Grand Hotel Swiss Majestic bölgesinde, gezinti yeri, farklı şekil, renk ve boyutlardaki çakıl taşlarından yapılmış muhteşem figürlerle süslenmiş, çok ilginç çiçek tarhlarının oluşturulduğu bir “kaya parkına” dönüşüyor.

Montrö'de yürüyüşe gelen turistlerin sadece Chillon Kalesi'ni ziyaret etmeleri gerekiyor; bu, neredeyse orijinal haliyle korunmuş birkaç Avrupa kalesinden biridir. Kuzey ve Güney Avrupa arasındaki Cenevre Gölü arasında uzanan ana yolu kontrol etmek için 13. yüzyılda Savoy Kontu tarafından inşa edilmiştir (bazı kaynaklara göre kale daha da erken, 11. yüzyılda inşa edilmiştir). ve Alp dağları. Kont, böylesine önemli bir amaç için gölün biraz üzerinde yükselen bir kayanın üzerinde stratejik açıdan uygun bir yer seçti. Kale sadece bir kale değil, aynı zamanda her zaman hapishane olarak da kullanılmış; Birinci Dünya Savaşı sırasında suyu zehirlediğinden şüphelenilen Yahudiler burada hapsedilmiş ve işkenceye maruz bırakılmıştır. Ancak Chillon Kalesi, Byron sayesinde geniş çapta tanındı; ziyaretten etkilenerek, François Bonivard hakkında bir hikaye olan “Chillon Tutsağı” şiirini yazdı. Kalenin sütunlarından birinde Bpynor'un kendisi "Byron buradaydı" yazısını bıraktı (büyük yazarlar bile duvarları boyamayı sever) ve bu yazıt tüm turistlere mutlaka gösterilir.

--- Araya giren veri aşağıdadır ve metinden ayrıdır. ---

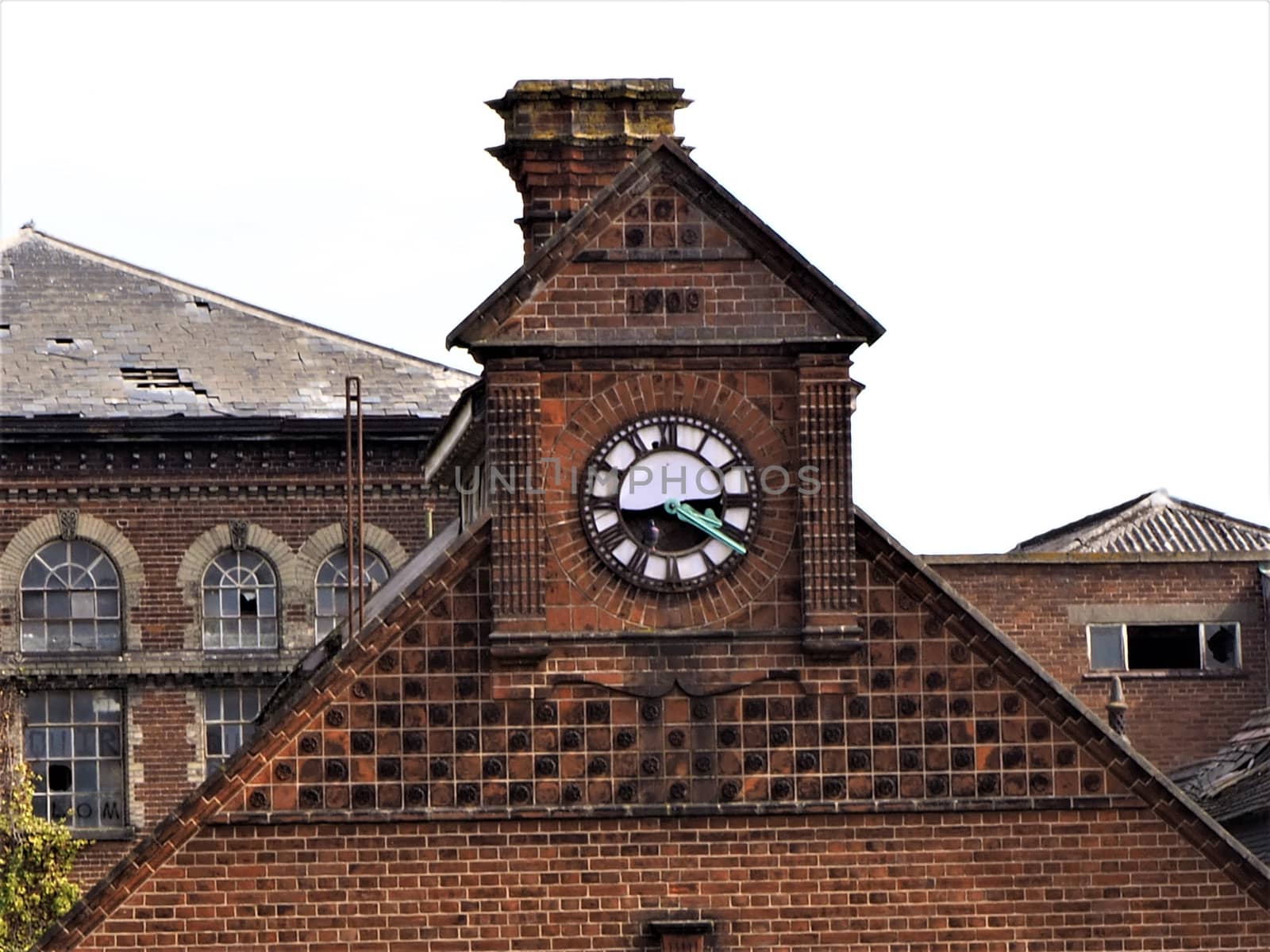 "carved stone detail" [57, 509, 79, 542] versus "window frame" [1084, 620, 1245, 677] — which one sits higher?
"carved stone detail" [57, 509, 79, 542]

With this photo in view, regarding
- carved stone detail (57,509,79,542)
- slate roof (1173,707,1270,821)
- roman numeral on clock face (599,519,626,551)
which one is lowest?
slate roof (1173,707,1270,821)

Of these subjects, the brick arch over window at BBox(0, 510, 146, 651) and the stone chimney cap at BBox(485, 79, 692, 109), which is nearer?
the stone chimney cap at BBox(485, 79, 692, 109)

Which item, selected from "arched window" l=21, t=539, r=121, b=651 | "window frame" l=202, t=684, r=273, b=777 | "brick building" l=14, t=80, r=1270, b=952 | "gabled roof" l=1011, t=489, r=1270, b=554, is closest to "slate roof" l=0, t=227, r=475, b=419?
"arched window" l=21, t=539, r=121, b=651

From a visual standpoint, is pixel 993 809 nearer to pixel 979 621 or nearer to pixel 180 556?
pixel 979 621

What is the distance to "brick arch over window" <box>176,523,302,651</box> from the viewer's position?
52.5 m

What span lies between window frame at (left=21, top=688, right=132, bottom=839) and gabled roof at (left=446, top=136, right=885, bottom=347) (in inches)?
1013

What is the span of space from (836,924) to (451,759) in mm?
3326

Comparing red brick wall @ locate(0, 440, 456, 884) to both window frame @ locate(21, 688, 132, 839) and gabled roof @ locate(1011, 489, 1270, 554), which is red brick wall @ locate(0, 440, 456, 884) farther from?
gabled roof @ locate(1011, 489, 1270, 554)

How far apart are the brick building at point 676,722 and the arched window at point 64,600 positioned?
82.9 ft

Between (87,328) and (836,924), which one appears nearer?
(836,924)

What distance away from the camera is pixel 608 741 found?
2753 cm

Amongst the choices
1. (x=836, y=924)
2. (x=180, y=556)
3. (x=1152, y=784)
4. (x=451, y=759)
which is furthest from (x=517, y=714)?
(x=180, y=556)

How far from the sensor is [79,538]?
172ft

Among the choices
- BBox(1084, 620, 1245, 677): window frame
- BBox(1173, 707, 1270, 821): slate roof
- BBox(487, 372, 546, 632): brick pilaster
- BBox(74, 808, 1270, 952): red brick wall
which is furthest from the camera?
BBox(1084, 620, 1245, 677): window frame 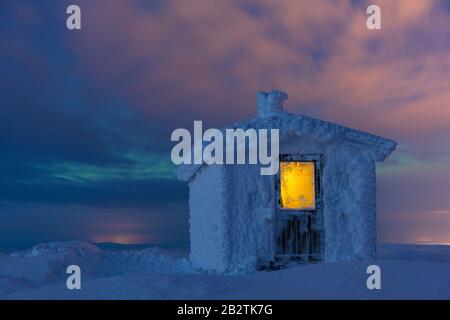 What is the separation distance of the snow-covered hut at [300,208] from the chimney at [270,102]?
1.13ft

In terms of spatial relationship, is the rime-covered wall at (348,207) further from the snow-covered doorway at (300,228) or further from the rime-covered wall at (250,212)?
the rime-covered wall at (250,212)

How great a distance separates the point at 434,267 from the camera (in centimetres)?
1187

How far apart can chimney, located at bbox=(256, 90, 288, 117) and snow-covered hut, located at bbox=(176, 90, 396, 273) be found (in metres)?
0.35

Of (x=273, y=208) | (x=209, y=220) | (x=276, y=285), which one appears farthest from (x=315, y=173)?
(x=276, y=285)

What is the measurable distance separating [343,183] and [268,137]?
2.54m

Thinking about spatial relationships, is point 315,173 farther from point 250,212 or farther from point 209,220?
point 209,220

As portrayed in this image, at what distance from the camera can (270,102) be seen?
16719 millimetres

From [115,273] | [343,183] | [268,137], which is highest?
[268,137] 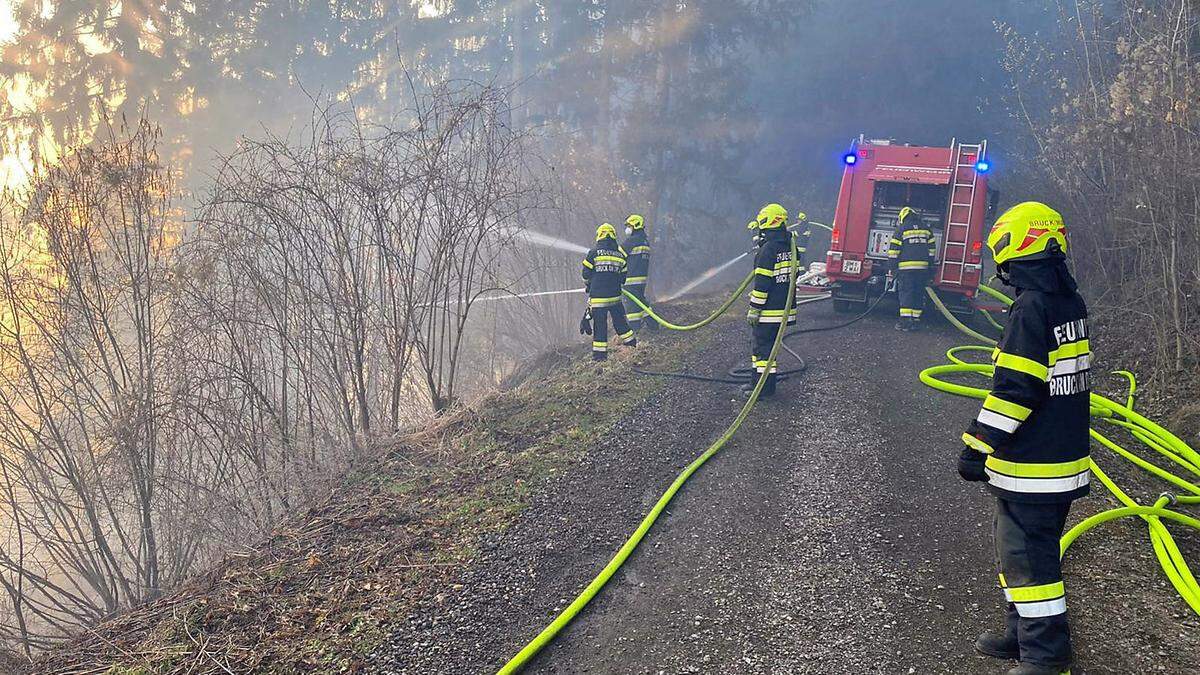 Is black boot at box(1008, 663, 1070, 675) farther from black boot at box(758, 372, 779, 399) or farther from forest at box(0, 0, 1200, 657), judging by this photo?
forest at box(0, 0, 1200, 657)

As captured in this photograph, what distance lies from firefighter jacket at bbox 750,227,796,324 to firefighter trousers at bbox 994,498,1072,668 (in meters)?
4.15

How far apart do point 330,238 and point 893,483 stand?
6076 mm

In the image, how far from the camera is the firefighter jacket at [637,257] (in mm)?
12023

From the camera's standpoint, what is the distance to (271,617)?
418 cm

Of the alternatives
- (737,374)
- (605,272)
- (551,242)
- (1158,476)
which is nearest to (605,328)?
(605,272)

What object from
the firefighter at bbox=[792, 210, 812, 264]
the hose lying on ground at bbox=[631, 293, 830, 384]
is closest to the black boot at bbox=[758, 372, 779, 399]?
the hose lying on ground at bbox=[631, 293, 830, 384]

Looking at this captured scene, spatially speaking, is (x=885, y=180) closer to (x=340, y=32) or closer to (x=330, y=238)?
(x=330, y=238)

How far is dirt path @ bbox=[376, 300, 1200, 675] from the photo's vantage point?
11.4ft

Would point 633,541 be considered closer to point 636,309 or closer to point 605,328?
point 605,328

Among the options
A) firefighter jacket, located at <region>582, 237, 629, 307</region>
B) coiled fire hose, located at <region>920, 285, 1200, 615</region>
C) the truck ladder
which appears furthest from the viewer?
the truck ladder

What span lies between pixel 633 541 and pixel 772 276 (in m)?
3.60

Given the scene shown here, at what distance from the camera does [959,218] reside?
1107 centimetres

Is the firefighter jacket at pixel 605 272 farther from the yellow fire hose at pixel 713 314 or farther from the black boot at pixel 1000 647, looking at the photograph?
the black boot at pixel 1000 647

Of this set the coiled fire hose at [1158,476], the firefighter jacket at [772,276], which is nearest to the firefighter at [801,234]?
the firefighter jacket at [772,276]
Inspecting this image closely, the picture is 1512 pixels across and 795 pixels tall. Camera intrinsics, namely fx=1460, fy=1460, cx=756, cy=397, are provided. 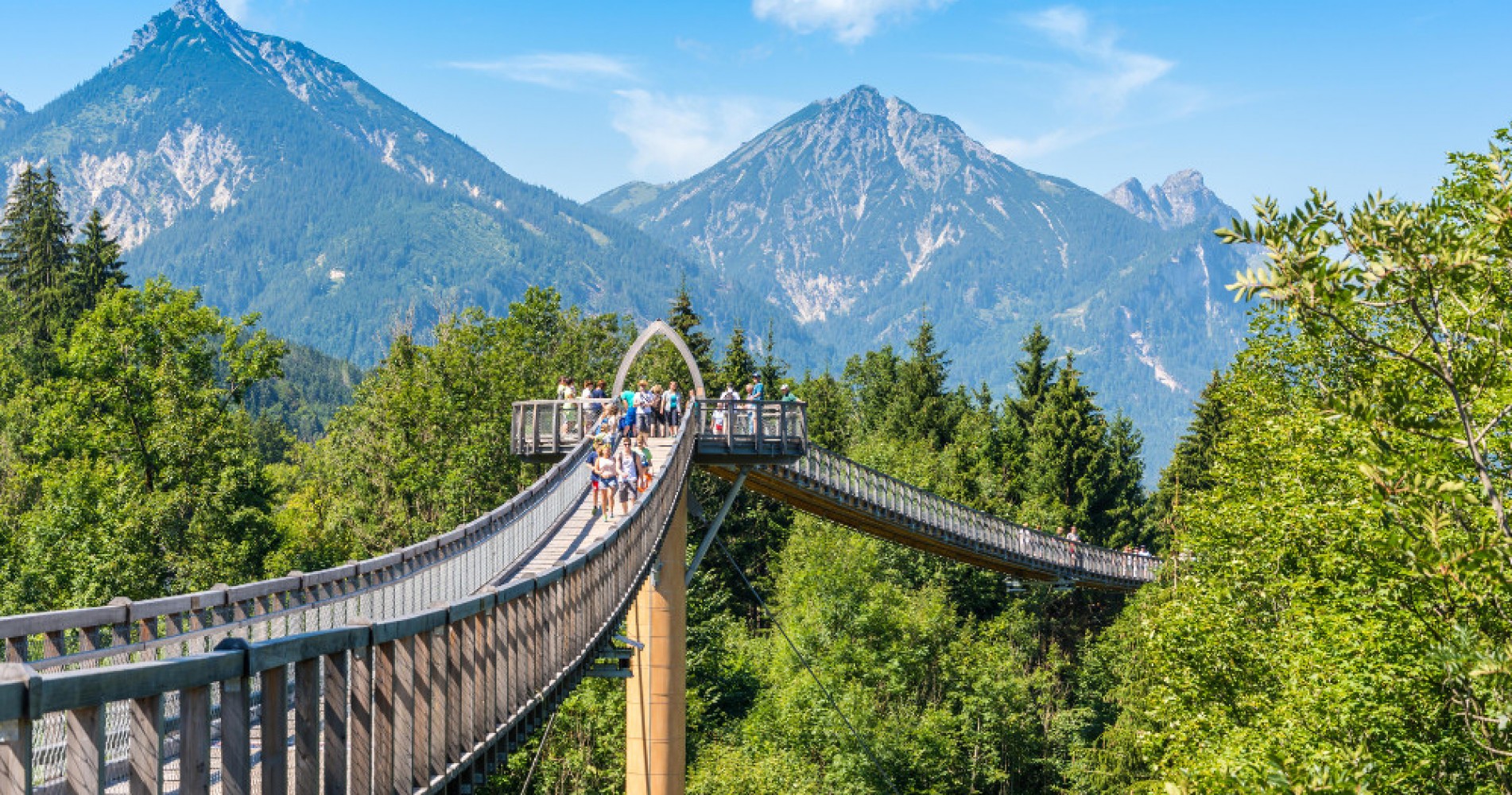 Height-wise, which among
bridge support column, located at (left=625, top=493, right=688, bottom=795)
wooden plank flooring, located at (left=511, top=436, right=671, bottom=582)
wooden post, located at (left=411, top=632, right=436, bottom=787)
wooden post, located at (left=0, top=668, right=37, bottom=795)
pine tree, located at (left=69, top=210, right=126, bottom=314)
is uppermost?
pine tree, located at (left=69, top=210, right=126, bottom=314)

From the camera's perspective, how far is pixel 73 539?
3862cm

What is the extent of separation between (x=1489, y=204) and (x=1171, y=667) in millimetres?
19265

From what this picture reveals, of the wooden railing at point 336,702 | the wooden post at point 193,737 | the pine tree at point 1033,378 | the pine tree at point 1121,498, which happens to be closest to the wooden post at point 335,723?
the wooden railing at point 336,702

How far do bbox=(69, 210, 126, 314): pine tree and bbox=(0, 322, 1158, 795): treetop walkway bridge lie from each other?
48.2m

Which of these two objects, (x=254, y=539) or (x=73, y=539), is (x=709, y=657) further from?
(x=73, y=539)

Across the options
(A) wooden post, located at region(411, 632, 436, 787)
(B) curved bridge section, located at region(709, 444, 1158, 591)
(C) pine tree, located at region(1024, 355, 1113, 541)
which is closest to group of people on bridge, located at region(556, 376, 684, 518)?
(B) curved bridge section, located at region(709, 444, 1158, 591)

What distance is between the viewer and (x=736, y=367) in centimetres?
6544

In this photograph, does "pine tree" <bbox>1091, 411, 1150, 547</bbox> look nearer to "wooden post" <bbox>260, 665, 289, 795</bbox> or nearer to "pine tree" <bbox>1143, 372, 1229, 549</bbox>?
"pine tree" <bbox>1143, 372, 1229, 549</bbox>

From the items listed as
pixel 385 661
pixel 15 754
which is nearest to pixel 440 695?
pixel 385 661

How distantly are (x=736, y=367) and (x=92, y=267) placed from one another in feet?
110

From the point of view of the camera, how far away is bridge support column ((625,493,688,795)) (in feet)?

Artık kale bir müzedir. Burada oturma odaları, şapel, devlet odaları ve hapishane hücrelerinin yanı sıra antik silah koleksiyonunu da görebilirsiniz. Tüm odalar ve dekorasyonlar neredeyse mükemmel bir şekilde korunmuştur.

Küçük bir not - kalenin yakınında restoran veya kafe yok, meyve suyu ve sandviç satan bir dükkan sayılmaz, bu nedenle erzaklarla kendiniz ilgilenmeniz gerekecek.